Rep. Martin Heinrich (above) is facing former Rep. Heather Wilson for the Senate seat being vacated by Democratic Sen. Jeff Bingaman. The race is close, and both candidates have outside groups adding support and money to the contest.
It may not be a presidential swing state this year, but New Mexico is at the heart of the fight for the Senate.
Recent polling, fundraising and third-party spending reports illustrate just how competitive the race between Rep. Martin Heinrich (D) and former Rep. Heather Wilson (R) is less than four months out.
After the second fundraising quarter, Heinrich had a slight edge over Wilson in both cash on hand and polling. Democrats expect the state’s demographics and a victory for President Barack Obama to put Heinrich over the top come November, but the race remains too close to call.
“Martin Heinrich holds an early lead against Heather Wilson,” independent New Mexico pollster Brian Sanderoff said. “However, it’s too early to predict the outcome of the race. In all likelihood the race will narrow.”
The two candidates have represented the Albuquerque-based 1st district for the past 14 years combined. In interviews with Roll Call, each claimed a proven record of Hispanic support and a message better suited to the broad electorate.
In an increase of nearly 25 percent since 2000, Hispanics now make up 46 percent of New Mexico’s population, by far the highest of any state in the country, according to 2010 census figures. This demographic accounted for 41 percent of the state’s 2008 electorate.

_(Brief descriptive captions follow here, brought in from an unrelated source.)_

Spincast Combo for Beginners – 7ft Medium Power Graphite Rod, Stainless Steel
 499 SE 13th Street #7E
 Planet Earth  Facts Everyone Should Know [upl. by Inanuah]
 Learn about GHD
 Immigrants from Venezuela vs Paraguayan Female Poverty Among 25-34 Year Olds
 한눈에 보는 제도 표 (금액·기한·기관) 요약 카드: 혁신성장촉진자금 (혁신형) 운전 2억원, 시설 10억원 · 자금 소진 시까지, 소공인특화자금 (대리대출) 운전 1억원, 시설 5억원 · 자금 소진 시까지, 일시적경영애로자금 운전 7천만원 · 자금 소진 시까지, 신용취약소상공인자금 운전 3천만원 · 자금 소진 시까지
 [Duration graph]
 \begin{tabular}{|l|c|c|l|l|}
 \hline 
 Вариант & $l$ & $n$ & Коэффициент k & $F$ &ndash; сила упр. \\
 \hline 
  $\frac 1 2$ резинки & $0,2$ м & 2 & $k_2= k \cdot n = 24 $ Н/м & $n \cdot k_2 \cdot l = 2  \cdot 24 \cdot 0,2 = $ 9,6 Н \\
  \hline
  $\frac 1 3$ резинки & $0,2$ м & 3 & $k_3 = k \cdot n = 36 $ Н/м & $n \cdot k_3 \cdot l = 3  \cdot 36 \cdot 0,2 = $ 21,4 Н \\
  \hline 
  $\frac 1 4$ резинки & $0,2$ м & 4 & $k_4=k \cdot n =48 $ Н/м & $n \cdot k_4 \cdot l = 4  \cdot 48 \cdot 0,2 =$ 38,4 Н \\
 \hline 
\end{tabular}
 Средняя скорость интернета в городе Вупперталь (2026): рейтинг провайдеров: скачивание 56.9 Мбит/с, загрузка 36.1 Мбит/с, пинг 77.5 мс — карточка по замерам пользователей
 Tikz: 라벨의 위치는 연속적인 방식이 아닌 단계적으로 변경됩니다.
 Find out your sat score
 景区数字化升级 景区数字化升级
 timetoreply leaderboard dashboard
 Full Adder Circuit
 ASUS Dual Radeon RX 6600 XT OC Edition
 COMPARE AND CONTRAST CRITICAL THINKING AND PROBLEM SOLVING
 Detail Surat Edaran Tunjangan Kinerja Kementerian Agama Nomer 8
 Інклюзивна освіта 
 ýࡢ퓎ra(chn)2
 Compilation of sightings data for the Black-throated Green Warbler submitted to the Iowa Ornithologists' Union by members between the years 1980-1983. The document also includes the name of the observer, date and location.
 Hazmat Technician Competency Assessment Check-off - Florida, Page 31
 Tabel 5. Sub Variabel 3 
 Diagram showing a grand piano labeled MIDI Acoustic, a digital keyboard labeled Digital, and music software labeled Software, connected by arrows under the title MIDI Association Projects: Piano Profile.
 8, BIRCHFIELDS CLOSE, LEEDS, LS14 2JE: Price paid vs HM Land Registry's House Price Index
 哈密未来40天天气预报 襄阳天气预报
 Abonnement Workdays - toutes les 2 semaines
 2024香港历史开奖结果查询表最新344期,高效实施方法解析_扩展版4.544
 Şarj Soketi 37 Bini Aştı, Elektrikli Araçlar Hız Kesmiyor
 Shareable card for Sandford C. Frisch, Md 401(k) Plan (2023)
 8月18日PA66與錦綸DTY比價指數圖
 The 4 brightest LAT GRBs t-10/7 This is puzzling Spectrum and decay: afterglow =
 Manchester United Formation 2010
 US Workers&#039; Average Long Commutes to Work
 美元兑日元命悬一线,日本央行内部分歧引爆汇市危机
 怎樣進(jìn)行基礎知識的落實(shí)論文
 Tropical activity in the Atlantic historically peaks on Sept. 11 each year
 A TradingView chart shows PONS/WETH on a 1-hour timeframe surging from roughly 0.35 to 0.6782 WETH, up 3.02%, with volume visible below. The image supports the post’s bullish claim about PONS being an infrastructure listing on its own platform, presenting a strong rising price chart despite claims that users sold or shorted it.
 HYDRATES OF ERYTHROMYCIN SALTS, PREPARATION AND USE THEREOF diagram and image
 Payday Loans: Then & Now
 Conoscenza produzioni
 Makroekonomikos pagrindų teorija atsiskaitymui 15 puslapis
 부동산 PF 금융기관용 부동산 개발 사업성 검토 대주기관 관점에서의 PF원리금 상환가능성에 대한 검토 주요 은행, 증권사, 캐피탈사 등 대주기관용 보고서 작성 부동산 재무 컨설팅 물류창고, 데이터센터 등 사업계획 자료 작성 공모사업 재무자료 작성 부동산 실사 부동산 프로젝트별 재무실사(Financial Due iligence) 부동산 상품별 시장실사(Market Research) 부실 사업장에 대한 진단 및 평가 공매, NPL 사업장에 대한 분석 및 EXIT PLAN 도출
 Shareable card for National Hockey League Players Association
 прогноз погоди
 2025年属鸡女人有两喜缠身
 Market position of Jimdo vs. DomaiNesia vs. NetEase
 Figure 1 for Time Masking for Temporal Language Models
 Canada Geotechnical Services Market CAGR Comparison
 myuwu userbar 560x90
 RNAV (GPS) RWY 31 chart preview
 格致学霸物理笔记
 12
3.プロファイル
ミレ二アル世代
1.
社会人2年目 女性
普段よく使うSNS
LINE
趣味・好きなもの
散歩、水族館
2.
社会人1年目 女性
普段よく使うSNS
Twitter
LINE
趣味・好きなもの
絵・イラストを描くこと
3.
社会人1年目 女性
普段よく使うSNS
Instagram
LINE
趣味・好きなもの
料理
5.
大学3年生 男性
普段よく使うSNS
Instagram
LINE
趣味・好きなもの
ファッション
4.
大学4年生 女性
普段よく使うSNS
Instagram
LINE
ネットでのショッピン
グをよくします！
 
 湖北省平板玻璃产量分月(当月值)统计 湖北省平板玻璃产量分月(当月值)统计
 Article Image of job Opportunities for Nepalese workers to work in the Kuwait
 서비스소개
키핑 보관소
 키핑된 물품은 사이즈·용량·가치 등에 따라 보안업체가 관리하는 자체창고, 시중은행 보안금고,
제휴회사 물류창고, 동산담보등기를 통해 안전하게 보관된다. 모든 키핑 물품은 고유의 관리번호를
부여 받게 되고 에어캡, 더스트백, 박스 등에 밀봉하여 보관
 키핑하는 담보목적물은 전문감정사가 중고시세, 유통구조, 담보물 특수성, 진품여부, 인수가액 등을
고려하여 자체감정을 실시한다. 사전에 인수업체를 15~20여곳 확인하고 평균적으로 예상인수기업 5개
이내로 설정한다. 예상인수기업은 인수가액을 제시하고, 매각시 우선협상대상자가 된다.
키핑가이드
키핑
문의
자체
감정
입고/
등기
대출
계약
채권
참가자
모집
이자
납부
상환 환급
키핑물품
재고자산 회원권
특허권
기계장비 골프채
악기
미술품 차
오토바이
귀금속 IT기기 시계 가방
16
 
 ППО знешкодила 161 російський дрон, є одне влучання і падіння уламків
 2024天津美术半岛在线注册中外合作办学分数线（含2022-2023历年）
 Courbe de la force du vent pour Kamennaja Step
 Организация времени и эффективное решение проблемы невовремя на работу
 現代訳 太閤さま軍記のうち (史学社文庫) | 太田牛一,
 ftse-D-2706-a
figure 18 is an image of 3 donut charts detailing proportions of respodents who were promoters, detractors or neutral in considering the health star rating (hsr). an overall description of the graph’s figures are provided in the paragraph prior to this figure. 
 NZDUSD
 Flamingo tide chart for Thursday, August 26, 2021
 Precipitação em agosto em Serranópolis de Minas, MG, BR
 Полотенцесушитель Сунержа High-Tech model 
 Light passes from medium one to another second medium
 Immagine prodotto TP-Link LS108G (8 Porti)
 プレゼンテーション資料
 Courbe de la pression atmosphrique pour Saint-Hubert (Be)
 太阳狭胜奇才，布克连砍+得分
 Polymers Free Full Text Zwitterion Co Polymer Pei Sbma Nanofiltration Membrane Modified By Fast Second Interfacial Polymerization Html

“I think if you look at past polling data, you’ll see that I’ve consistently received better numbers with Hispanics than a Republican needs to win statewide,” Wilson said in a telephone interview Monday. She reiterated that point in a Wednesday briefing with reporters at the National Republican Senatorial Committee.
At a coffee shop a few blocks from the Capitol last week, an hour after voting against a repeal of Obama’s health care law, Heinrich said he had won about two-thirds of the Hispanic vote in past elections, which would be more than enough for a Democrat to win statewide.
“People call it a lean-blue state,” said Heinrich, who succeeded Wilson in 2008, when she retired to run for Senate. “When you’re north of 60 percent with Hispanic voters and you’re doing well with Anglo Democrats as well, it is a lean-blue state. But you have to have that turnout.”
Obama visited New Mexico in March, and unlike some of his fellow Democratic Senate candidates, Heinrich hopes the president swings by again as the elections near. The president stopped in Albuquerque’s South Valley about a month before the 2010 midterm elections, which the Congressman survived despite a national Republican wave.
Wilson needs presumptive GOP presidential nominee Mitt Romney to keep the margin smaller than in 2008, when Obama won the state by 15 points. But if the presidential contest doesn’t get more competitive, Heinrich conceded that his campaign will likely need to pick up the slack on field operations, a vital program to turn out Hispanic voters.